-------- Provided data

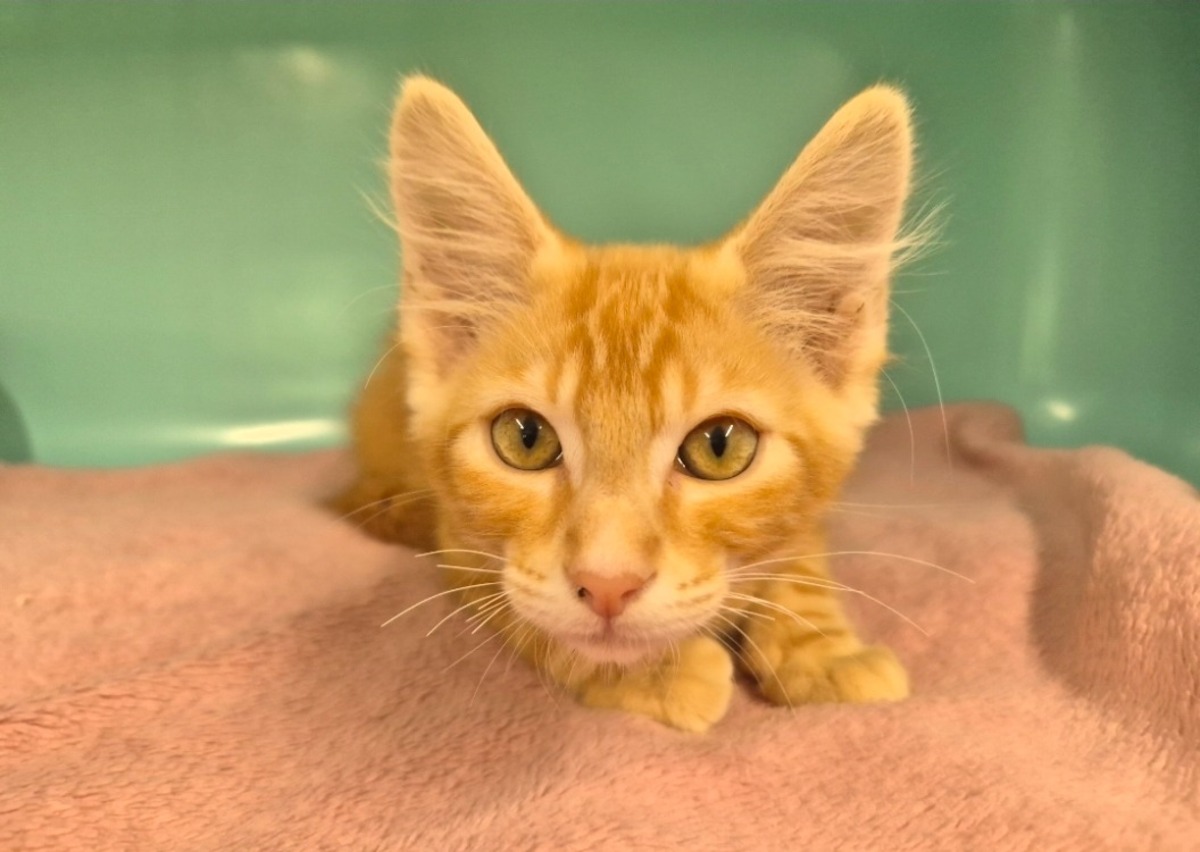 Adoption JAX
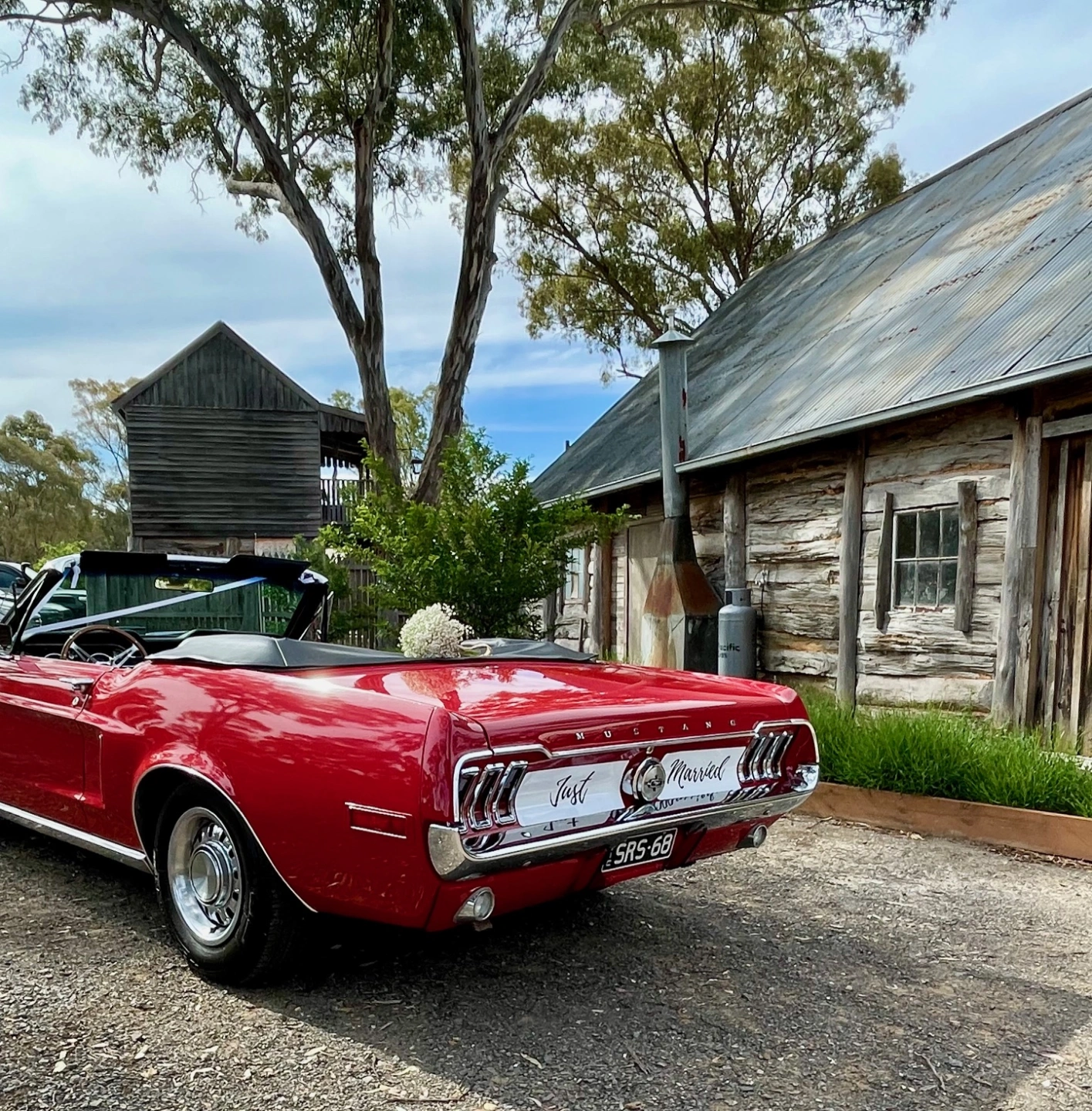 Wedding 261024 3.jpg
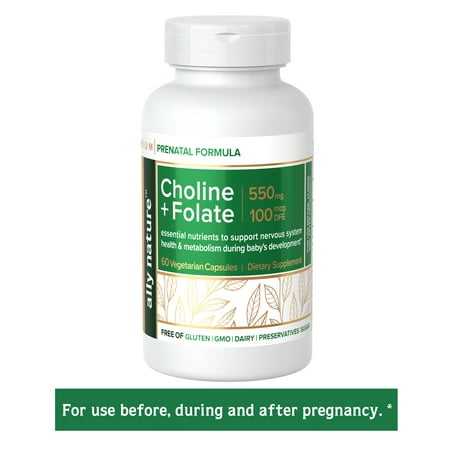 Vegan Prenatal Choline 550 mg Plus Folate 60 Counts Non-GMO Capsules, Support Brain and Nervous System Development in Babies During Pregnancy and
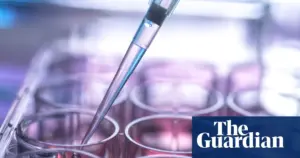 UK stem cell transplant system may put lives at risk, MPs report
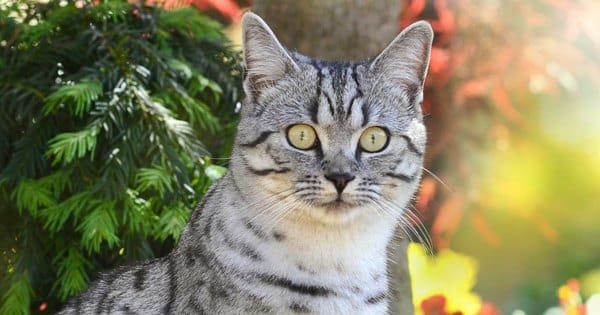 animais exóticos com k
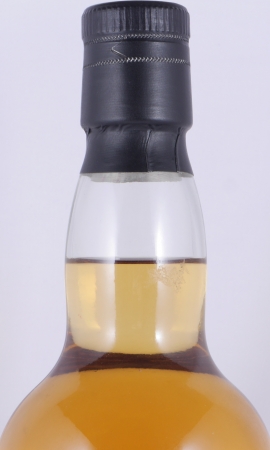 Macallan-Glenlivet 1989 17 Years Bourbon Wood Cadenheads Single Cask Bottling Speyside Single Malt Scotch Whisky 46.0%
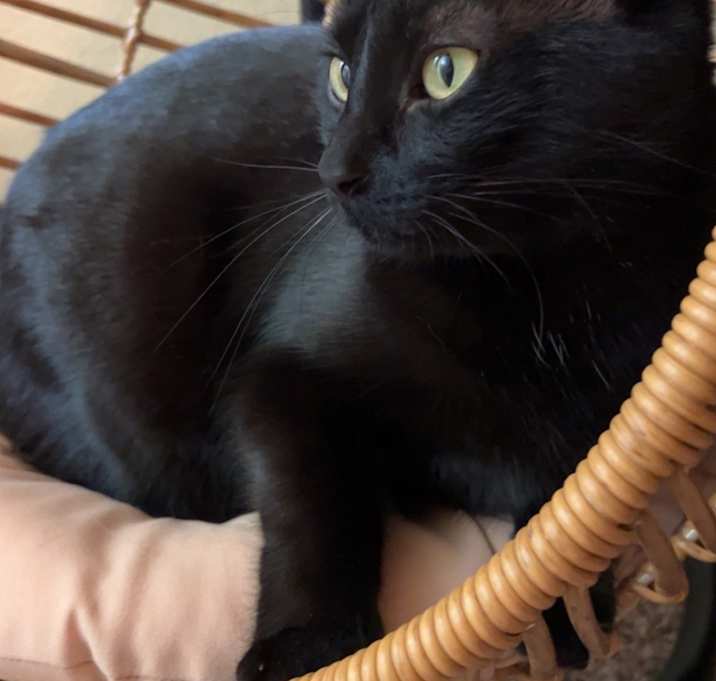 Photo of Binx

----------------
-------- Provided data

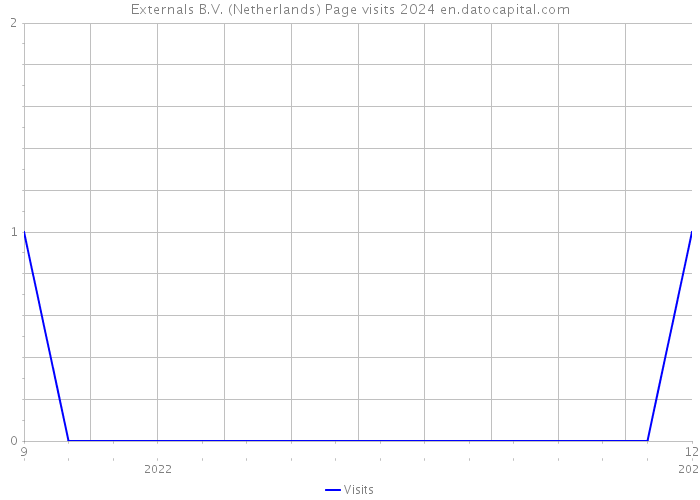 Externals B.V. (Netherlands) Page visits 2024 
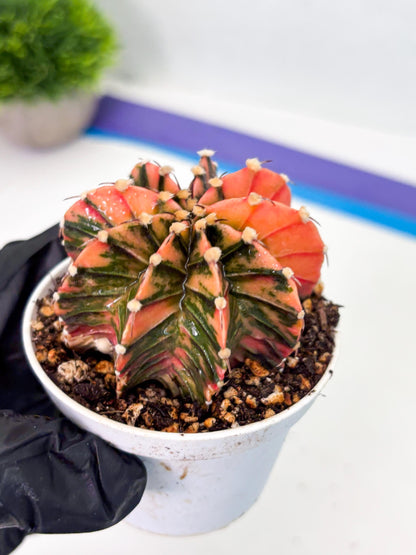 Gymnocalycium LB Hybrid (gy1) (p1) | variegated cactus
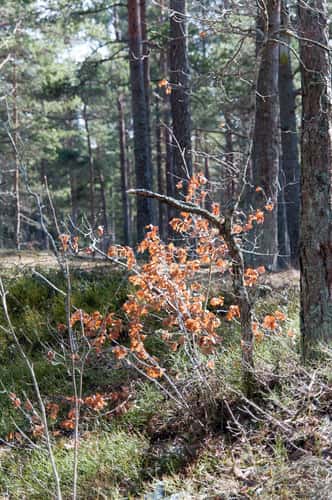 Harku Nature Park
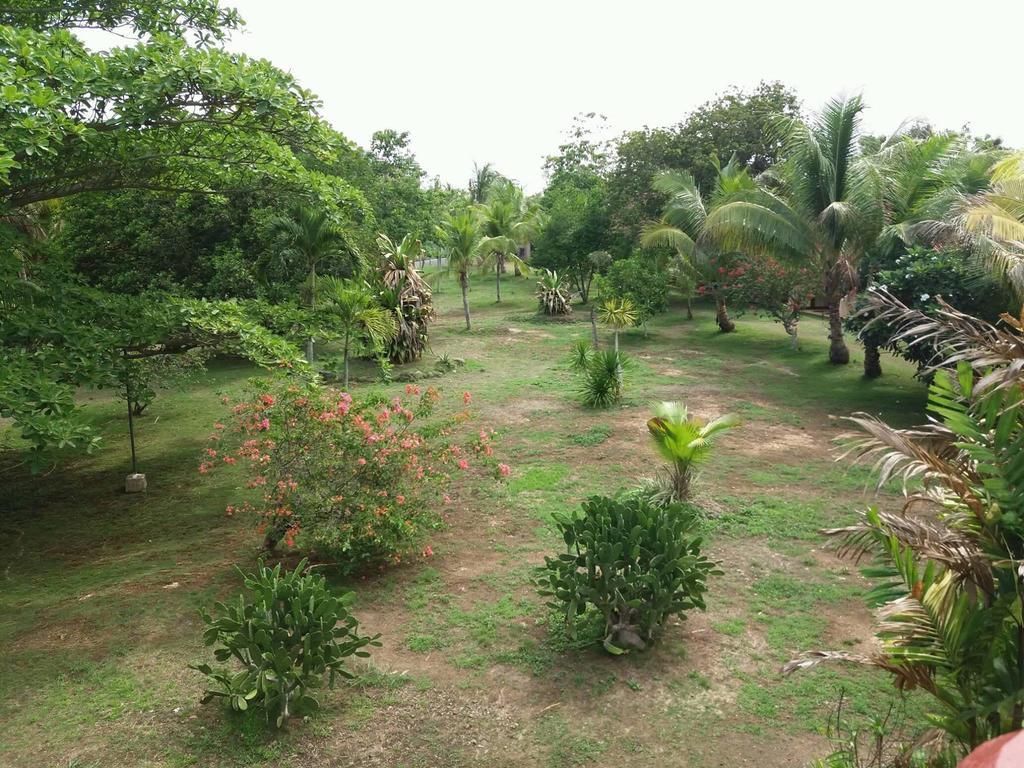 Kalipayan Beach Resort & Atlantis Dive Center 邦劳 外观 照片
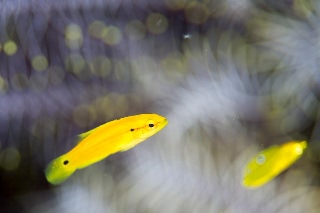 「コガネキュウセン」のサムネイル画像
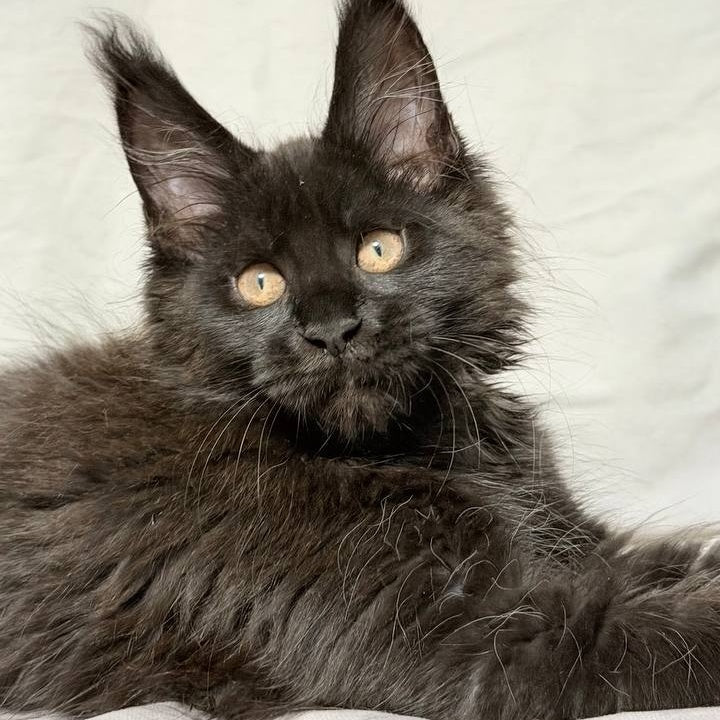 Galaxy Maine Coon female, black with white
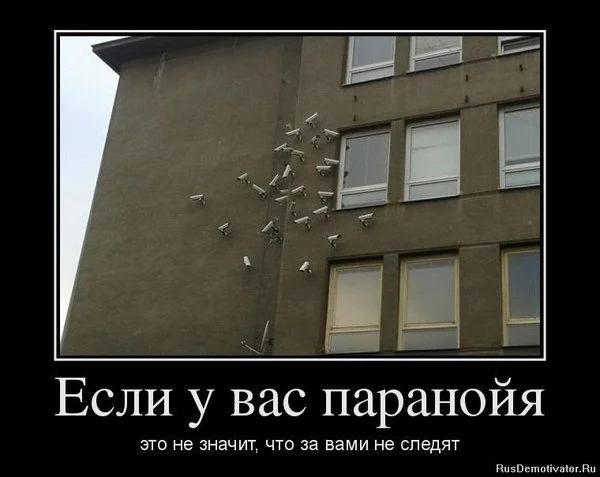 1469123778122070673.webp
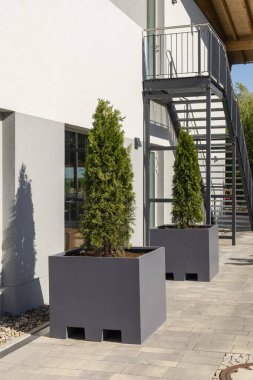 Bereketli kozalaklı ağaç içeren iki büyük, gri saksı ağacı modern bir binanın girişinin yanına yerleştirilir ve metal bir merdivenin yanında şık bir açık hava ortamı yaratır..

----------------
-------- Provided data

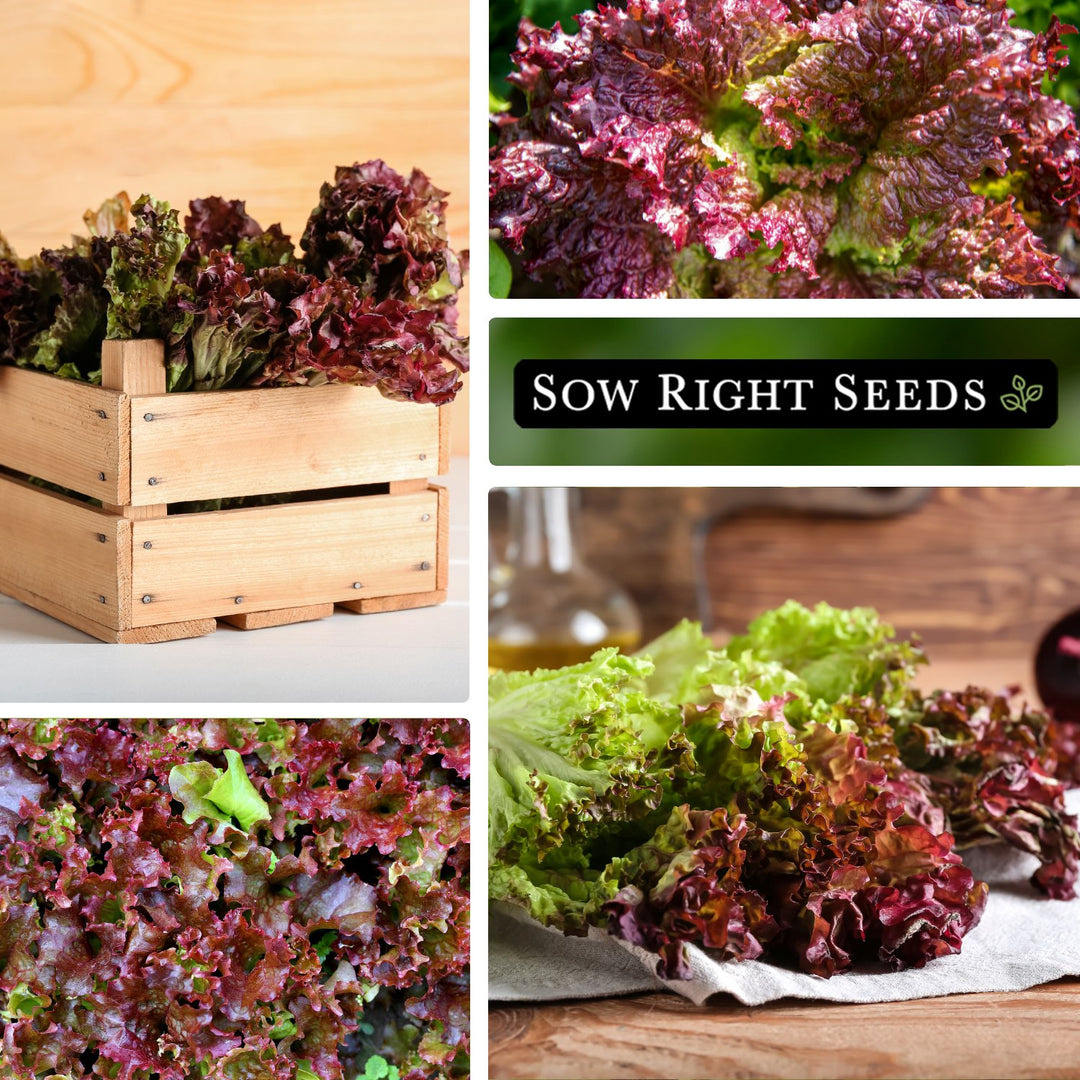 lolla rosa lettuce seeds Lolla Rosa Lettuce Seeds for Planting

----------------

Work required:
In the data above, start at the line holding "Galaxy Maine Coon female, black with white" and stop after the line holding "Bereketli kozalaklı ağaç"; write out those lines exactly, without pictures.

Exercise result:
 Galaxy Maine Coon female, black with white
 1469123778122070673.webp
 Bereketli kozalaklı ağaç içeren iki büyük, gri saksı ağacı modern bir binanın girişinin yanına yerleştirilir ve metal bir merdivenin yanında şık bir açık hava ortamı yaratır..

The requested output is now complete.